What is the probability that a simple random sample of 56 special orders will

provide an estimate of the population proportion of special orders specifying the color black that is within plus or minus .05 of the actual population proportion,assuming p = .36? In other words, what is the probability that p will be between .31
and .41?

To find the probability that the sample proportion will be within plus or minus 0.05 of the actual population proportion, we can use the concept of sampling distribution and the normal approximation to the binomial distribution.

1. Calculate the standard error of the sample proportion (SE):
SE = sqrt(p * (1 - p) / n)
where p is the actual population proportion and n is the sample size.

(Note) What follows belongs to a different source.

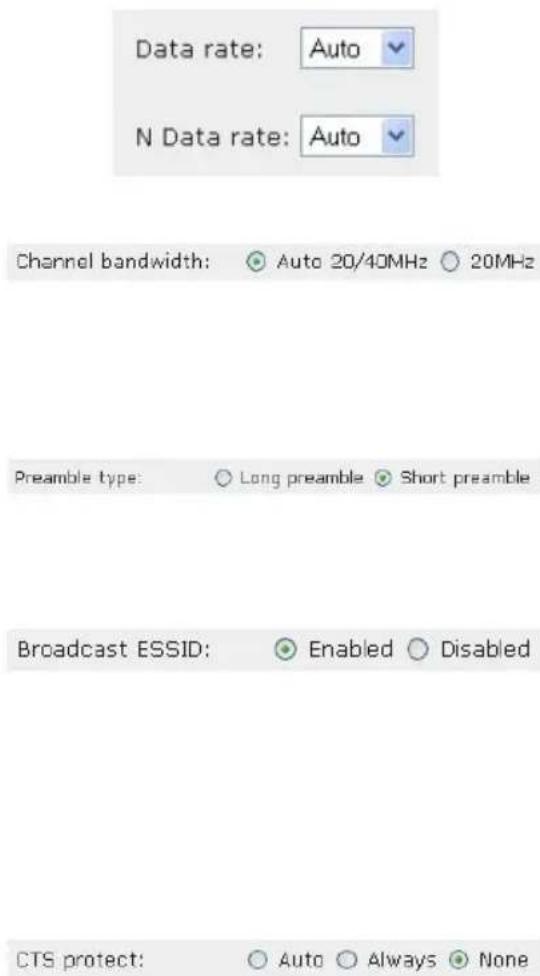 Data rate: Auto N Data rate: Auto Channel bandwidth: ● Auto 20/40MHz ○ 20MHz Preamble type: ○ Long preamble ▼ Short preamble Broadcast ESSID: ● Enabled ○ Disabled CTS protect: ○ Auto ○ Always ● None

In this case, p = 0.36 and n = 56, so the SE is:
SE = sqrt(0.36 * (1 - 0.36) / 56) = 0.0608

2. Convert the boundaries of interest (.31 and .41) into z-scores:
z1 = (0.31 - p) / SE
z2 = (0.41 - p) / SE

Using the z-table or a statistical calculator, find the corresponding probabilities for the z-scores. The probability we're interested in is the difference between these two probabilities.

Please note that this calculation assumes a large enough sample size (n > 30) for the normal approximation to be valid. If the sample size is small, it would be more appropriate to use the exact binomial distribution.

Alternatively, you can use statistical software like R, Python, or Excel to calculate this probability directly using functions like "pnorm" or "norm.dist".